Funmilayo Ransome-Kuti, la voix des Nigérianes

Avec jusqu'à 20.000 militant.e.s à ses côtés, cette cheffe nigériane a consacré sa vie entière à défendre et protéger les droits des femmes.

Parmi ces personnalités restées dans l’ombre de l’Histoire, découvrez cette fois Funmilayo Ransome-Kuti, une des personnalités féminines les plus importantes du XXe siècle.

Aujourd’hui, elle nous raconte.

(Ceci est un récit posthume, qui ne constitue pas les dires de Funmilayo Ransome-Kuti)

Mon histoire commence à Abeokuta, au sud-ouest du Nigéria. Depuis 1914, le le nord et le sud de mon pays forment ensemble la nouvelle colonie (britannique) du Nigéria.

Une éducation à mi-chemin entre l’ancrage local yoruba et l’influence européenne chrétienne, j’entame à cette époque mes études secondaires. Six filles seulement, moi comprise, ont l’honneur d’intégrer l’Abeokuta Grammar School, jusqu’ici exclusivement réservée aux garçons.

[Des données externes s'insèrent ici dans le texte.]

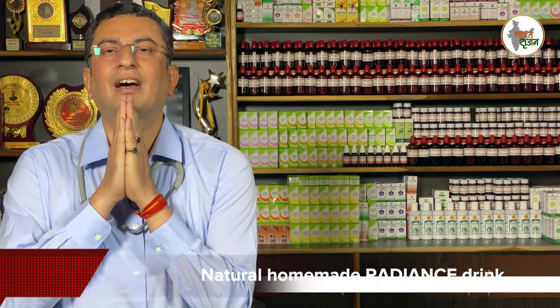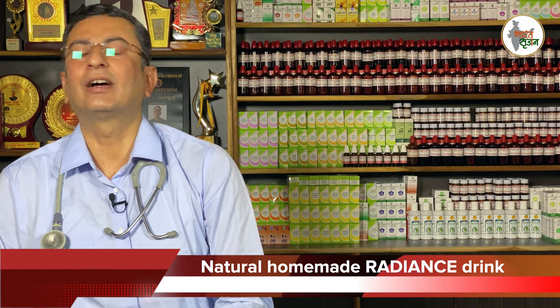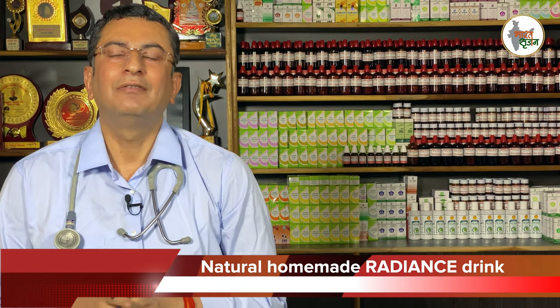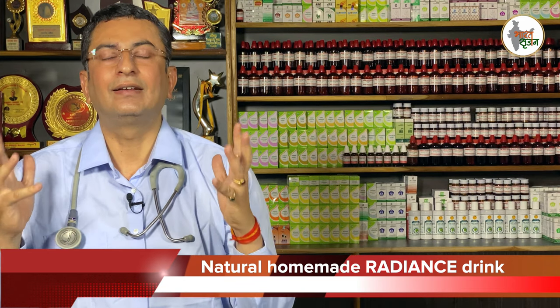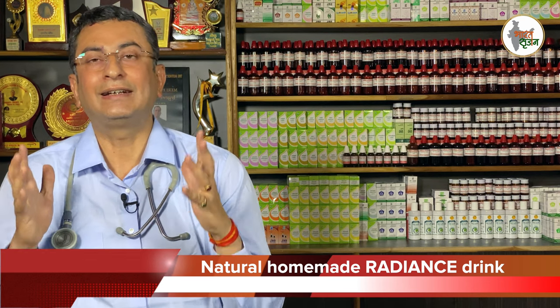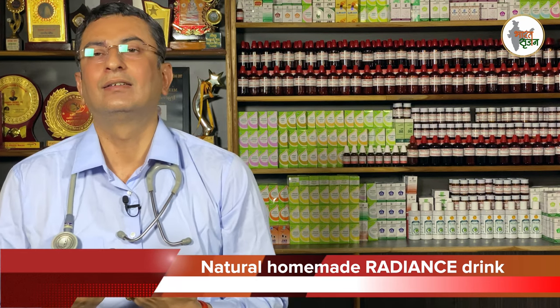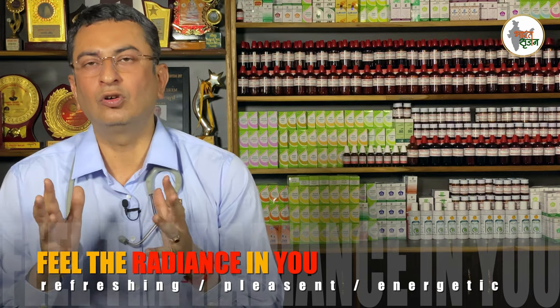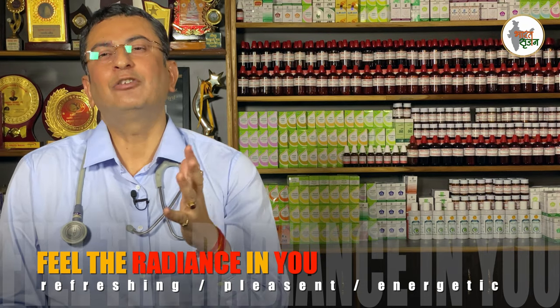Hello friends. Namaskar. Welcome to Dr. Omanghana Amyopathic Clinic. Today I will tell you a magical remedy which will give radiance to your skin — a shine which will come from the inner side. This is a very good formula for the radiance of the skin, to make your skin glow and to make you attractive.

Pendant mes 3 années passées en Angleterre à étudier au Wicham Hall College de Manchester, je prends conscience de ma différence. En réalité, je ne suis pas Frances Abigail, celle qu’on m’avait toujours demandé d’être. 

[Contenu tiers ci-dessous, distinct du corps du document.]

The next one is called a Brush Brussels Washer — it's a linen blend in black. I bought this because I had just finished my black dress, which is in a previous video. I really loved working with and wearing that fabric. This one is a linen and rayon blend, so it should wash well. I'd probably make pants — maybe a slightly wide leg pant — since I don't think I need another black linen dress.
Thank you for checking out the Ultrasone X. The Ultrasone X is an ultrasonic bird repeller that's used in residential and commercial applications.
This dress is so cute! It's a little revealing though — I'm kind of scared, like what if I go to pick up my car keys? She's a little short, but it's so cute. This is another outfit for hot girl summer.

Mon nom est Funmilayo, qui signifie "donne-moi du bonheur" en yoruba. 

Des droits pour les femmes

Fondé en 1923, l’Abeokuta Ladies Club (ALC) rassemble des femmes catholiques européanisées. Au sein de cette modeste communauté, on s'essaye pour la première fois au travail manuel et faisons acte de charité. C’est aussi, et peut-être même surtout, un lieu d’échange de récits et de points de vue.

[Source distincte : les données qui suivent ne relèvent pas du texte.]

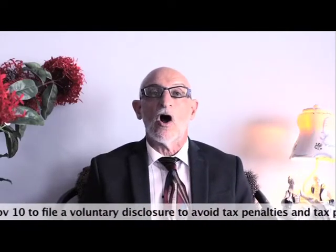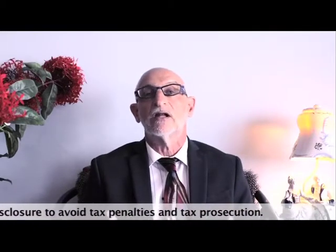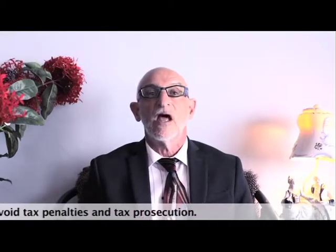However, if you are in fact offside because you haven't declared your income or you have not collected and remitted GST, HST, then you have a potential problem. Not only do you face tax penalties, but you also face tax prosecution or tax evasion.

La société nigériane de cette première moitié du XIXe garde la gent féminine à l’écart. Face à une précarité extrême, l’alphabétisation s'impose comme un remède incontestable aux injustices sociales. Pourquoi ces citoyennes ne peuvent-elles pas, au même titre que leurs équivalents masculins, jouir d’une éducation et avoir un poids politique ?

En enseignant à l’Abeokuta Grammar School et en intégrant d’autres mouvements éducatifs du Nigéria et de l’Afrique de l’Ouest, je m’imprègne davantage des enjeux contemporains. Petit à petit, mon existence prend l’apparence d’un combat qui va durer toute une vie.

Du ladies club au mouvement national

En me mariant avec Israël Oludotun Ransome-Kuti, le pasteur et éducateur à la tête de l’Abeokuta Grammar School dès 1932, l’ALC parvient à s’organiser et à s’engager sur une voie moins élitiste, plus politique.

Quelques années plus tard, la communauté compte parmi ses membres des commerçantes, une part de la gent féminine nigériane généralement pauvre, analphabète, particulièrement mise à mal par la politique coloniale.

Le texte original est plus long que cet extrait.